**Your goal:**
Span requested from the data below: the line with "Don't be afraid, these" through the line with "Hello guys, welcome", both included. Give only these lines again, exactly, and leave every picture out.

**Material shown:**
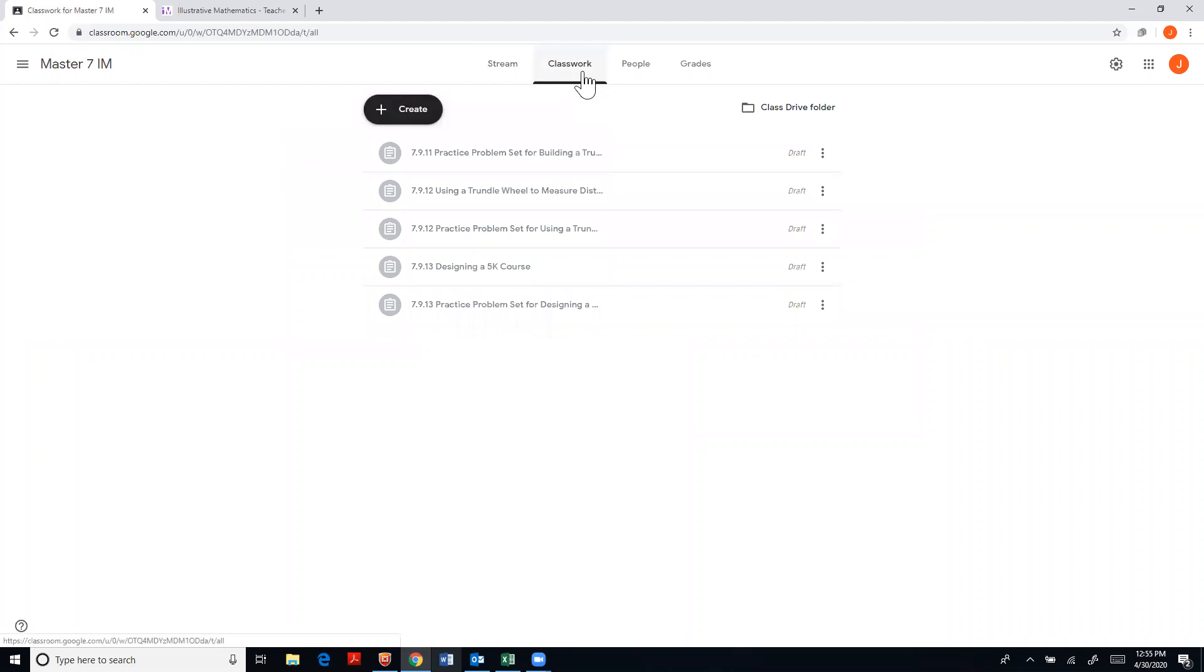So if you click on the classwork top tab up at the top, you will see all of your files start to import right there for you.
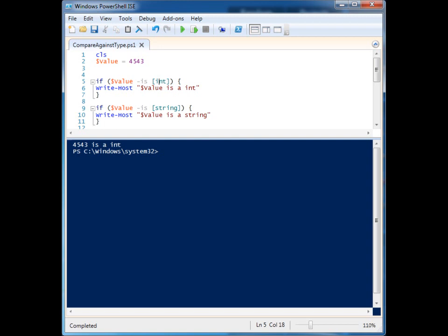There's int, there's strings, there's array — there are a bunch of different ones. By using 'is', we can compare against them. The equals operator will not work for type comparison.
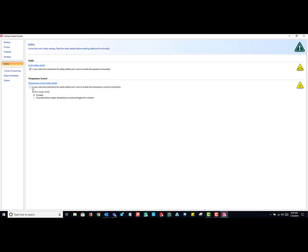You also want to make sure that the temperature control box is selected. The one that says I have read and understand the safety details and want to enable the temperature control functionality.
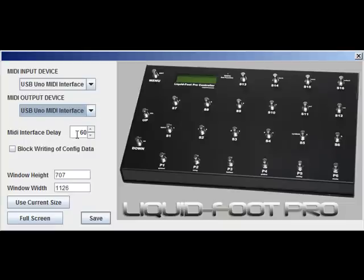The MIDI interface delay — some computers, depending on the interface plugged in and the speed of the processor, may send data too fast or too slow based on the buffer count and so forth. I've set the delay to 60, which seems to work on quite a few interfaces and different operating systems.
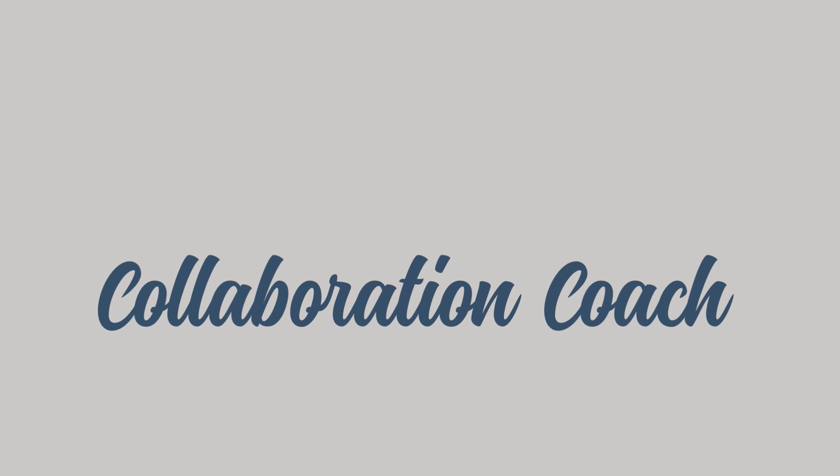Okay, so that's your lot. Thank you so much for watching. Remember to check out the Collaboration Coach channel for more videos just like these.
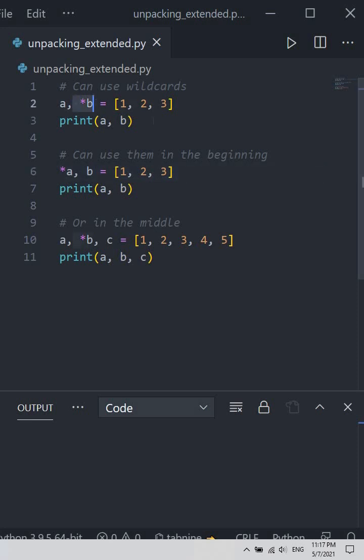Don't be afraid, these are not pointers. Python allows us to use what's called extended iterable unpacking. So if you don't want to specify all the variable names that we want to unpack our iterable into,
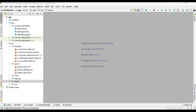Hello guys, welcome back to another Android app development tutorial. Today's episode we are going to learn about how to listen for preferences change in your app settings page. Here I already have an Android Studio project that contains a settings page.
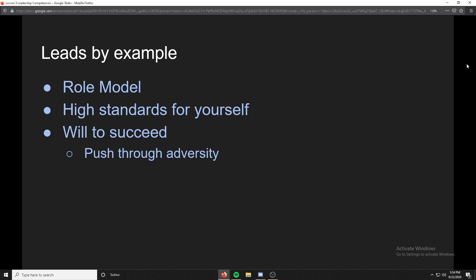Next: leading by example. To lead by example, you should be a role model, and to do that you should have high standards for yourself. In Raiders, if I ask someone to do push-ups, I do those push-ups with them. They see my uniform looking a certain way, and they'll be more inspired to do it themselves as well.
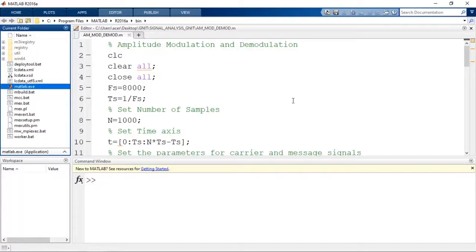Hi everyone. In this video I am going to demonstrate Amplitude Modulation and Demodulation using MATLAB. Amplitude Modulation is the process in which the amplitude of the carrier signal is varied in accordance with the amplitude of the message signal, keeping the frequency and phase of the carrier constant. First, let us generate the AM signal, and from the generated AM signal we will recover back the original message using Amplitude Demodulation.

**Result of this task:**
Don't be afraid, these are not pointers. Python allows us to use what's called extended iterable unpacking. So if you don't want to specify all the variable names that we want to unpack our iterable into,
Hello guys, welcome back to another Android app development tutorial. Today's episode we are going to learn about how to listen for preferences change in your app settings page. Here I already have an Android Studio project that contains a settings page.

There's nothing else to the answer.